#### Data supplied

★ ★ ★ ★ ★ ★ ★

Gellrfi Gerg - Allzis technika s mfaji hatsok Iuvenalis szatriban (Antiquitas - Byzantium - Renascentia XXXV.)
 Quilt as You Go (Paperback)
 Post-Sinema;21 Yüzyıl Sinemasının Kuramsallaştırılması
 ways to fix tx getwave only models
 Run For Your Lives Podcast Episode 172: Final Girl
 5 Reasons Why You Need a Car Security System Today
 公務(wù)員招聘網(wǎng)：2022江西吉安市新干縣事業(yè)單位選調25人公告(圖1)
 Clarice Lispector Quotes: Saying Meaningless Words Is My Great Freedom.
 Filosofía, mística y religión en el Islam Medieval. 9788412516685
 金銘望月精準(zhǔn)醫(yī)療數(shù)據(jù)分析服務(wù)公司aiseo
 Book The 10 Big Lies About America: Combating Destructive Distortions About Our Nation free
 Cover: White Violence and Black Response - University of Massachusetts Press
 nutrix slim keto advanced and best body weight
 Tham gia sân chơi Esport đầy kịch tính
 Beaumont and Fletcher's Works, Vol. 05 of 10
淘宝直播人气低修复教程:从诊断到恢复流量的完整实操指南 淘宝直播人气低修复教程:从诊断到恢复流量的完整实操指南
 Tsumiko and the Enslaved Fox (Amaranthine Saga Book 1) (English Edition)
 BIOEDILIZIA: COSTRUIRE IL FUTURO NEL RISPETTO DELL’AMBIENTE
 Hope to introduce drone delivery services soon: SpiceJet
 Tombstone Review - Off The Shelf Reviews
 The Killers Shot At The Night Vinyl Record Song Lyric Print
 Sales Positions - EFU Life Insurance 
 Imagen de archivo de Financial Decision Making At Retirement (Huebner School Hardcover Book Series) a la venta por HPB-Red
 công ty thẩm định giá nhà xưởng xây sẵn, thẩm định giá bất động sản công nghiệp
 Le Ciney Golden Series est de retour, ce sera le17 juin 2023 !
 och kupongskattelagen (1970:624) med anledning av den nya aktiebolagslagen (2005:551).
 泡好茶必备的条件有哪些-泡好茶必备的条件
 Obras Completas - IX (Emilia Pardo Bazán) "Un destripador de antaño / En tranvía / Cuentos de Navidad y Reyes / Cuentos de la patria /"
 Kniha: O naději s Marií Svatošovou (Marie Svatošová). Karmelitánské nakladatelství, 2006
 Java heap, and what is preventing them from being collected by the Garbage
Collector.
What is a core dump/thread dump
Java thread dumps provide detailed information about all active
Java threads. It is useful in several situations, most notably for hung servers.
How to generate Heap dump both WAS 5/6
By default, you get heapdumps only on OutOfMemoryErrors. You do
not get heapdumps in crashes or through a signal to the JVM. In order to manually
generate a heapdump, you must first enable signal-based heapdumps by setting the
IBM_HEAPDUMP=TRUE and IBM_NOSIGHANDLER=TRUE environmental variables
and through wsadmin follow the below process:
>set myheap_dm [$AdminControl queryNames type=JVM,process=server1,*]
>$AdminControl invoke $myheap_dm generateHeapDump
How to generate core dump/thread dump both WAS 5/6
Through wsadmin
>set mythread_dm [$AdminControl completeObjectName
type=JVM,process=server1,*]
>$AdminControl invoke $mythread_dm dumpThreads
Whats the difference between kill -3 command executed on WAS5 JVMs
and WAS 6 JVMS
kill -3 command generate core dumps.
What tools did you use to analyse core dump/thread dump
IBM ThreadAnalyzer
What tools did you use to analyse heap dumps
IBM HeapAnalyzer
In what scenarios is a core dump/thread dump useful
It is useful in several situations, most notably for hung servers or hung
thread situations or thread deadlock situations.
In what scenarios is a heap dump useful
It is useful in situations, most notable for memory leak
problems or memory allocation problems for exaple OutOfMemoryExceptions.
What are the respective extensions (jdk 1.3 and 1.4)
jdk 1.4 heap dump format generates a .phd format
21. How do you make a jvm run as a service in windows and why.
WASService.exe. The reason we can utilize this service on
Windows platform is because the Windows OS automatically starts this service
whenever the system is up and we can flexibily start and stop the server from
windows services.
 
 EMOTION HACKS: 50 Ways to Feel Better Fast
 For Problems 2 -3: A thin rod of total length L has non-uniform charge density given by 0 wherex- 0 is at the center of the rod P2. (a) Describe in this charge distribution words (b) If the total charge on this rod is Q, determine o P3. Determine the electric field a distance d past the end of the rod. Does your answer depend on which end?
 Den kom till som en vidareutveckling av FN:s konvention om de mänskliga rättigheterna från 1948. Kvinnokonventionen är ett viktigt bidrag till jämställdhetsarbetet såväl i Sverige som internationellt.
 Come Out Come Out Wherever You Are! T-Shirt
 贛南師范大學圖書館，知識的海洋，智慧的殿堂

★ ★ ★ ★ ★ ★ ★

Set down the full listing. Keep every line exact.

#### Task result
Gellrfi Gerg - Allzis technika s mfaji hatsok Iuvenalis szatriban (Antiquitas - Byzantium - Renascentia XXXV.)
 Quilt as You Go (Paperback)
 Post-Sinema;21 Yüzyıl Sinemasının Kuramsallaştırılması
 ways to fix tx getwave only models
 Run For Your Lives Podcast Episode 172: Final Girl
 5 Reasons Why You Need a Car Security System Today
 公務(wù)員招聘網(wǎng)：2022江西吉安市新干縣事業(yè)單位選調25人公告(圖1)
 Clarice Lispector Quotes: Saying Meaningless Words Is My Great Freedom.
 Filosofía, mística y religión en el Islam Medieval. 9788412516685
 金銘望月精準(zhǔn)醫(yī)療數(shù)據(jù)分析服務(wù)公司aiseo
 Book The 10 Big Lies About America: Combating Destructive Distortions About Our Nation free
 Cover: White Violence and Black Response - University of Massachusetts Press
 nutrix slim keto advanced and best body weight
 Tham gia sân chơi Esport đầy kịch tính
 Beaumont and Fletcher's Works, Vol. 05 of 10
淘宝直播人气低修复教程:从诊断到恢复流量的完整实操指南 淘宝直播人气低修复教程:从诊断到恢复流量的完整实操指南
 Tsumiko and the Enslaved Fox (Amaranthine Saga Book 1) (English Edition)
 BIOEDILIZIA: COSTRUIRE IL FUTURO NEL RISPETTO DELL’AMBIENTE
 Hope to introduce drone delivery services soon: SpiceJet
 Tombstone Review - Off The Shelf Reviews
 The Killers Shot At The Night Vinyl Record Song Lyric Print
 Sales Positions - EFU Life Insurance 
 Imagen de archivo de Financial Decision Making At Retirement (Huebner School Hardcover Book Series) a la venta por HPB-Red
 công ty thẩm định giá nhà xưởng xây sẵn, thẩm định giá bất động sản công nghiệp
 Le Ciney Golden Series est de retour, ce sera le17 juin 2023 !
 och kupongskattelagen (1970:624) med anledning av den nya aktiebolagslagen (2005:551).
 泡好茶必备的条件有哪些-泡好茶必备的条件
 Obras Completas - IX (Emilia Pardo Bazán) "Un destripador de antaño / En tranvía / Cuentos de Navidad y Reyes / Cuentos de la patria /"
 Kniha: O naději s Marií Svatošovou (Marie Svatošová). Karmelitánské nakladatelství, 2006
 Java heap, and what is preventing them from being collected by the Garbage
Collector.
What is a core dump/thread dump
Java thread dumps provide detailed information about all active
Java threads. It is useful in several situations, most notably for hung servers.
How to generate Heap dump both WAS 5/6
By default, you get heapdumps only on OutOfMemoryErrors. You do
not get heapdumps in crashes or through a signal to the JVM. In order to manually
generate a heapdump, you must first enable signal-based heapdumps by setting the
IBM_HEAPDUMP=TRUE and IBM_NOSIGHANDLER=TRUE environmental variables
and through wsadmin follow the below process:
>set myheap_dm [$AdminControl queryNames type=JVM,process=server1,*]
>$AdminControl invoke $myheap_dm generateHeapDump
How to generate core dump/thread dump both WAS 5/6
Through wsadmin
>set mythread_dm [$AdminControl completeObjectName
type=JVM,process=server1,*]
>$AdminControl invoke $mythread_dm dumpThreads
Whats the difference between kill -3 command executed on WAS5 JVMs
and WAS 6 JVMS
kill -3 command generate core dumps.
What tools did you use to analyse core dump/thread dump
IBM ThreadAnalyzer
What tools did you use to analyse heap dumps
IBM HeapAnalyzer
In what scenarios is a core dump/thread dump useful
It is useful in several situations, most notably for hung servers or hung
thread situations or thread deadlock situations.
In what scenarios is a heap dump useful
It is useful in situations, most notable for memory leak
problems or memory allocation problems for exaple OutOfMemoryExceptions.
What are the respective extensions (jdk 1.3 and 1.4)
jdk 1.4 heap dump format generates a .phd format
21. How do you make a jvm run as a service in windows and why.
WASService.exe. The reason we can utilize this service on
Windows platform is because the Windows OS automatically starts this service
whenever the system is up and we can flexibily start and stop the server from
windows services.
 
 EMOTION HACKS: 50 Ways to Feel Better Fast
 For Problems 2 -3: A thin rod of total length L has non-uniform charge density given by 0 wherex- 0 is at the center of the rod P2. (a) Describe in this charge distribution words (b) If the total charge on this rod is Q, determine o P3. Determine the electric field a distance d past the end of the rod. Does your answer depend on which end?
 Den kom till som en vidareutveckling av FN:s konvention om de mänskliga rättigheterna från 1948. Kvinnokonventionen är ett viktigt bidrag till jämställdhetsarbetet såväl i Sverige som internationellt.
 Come Out Come Out Wherever You Are! T-Shirt
 贛南師范大學圖書館，知識的海洋，智慧的殿堂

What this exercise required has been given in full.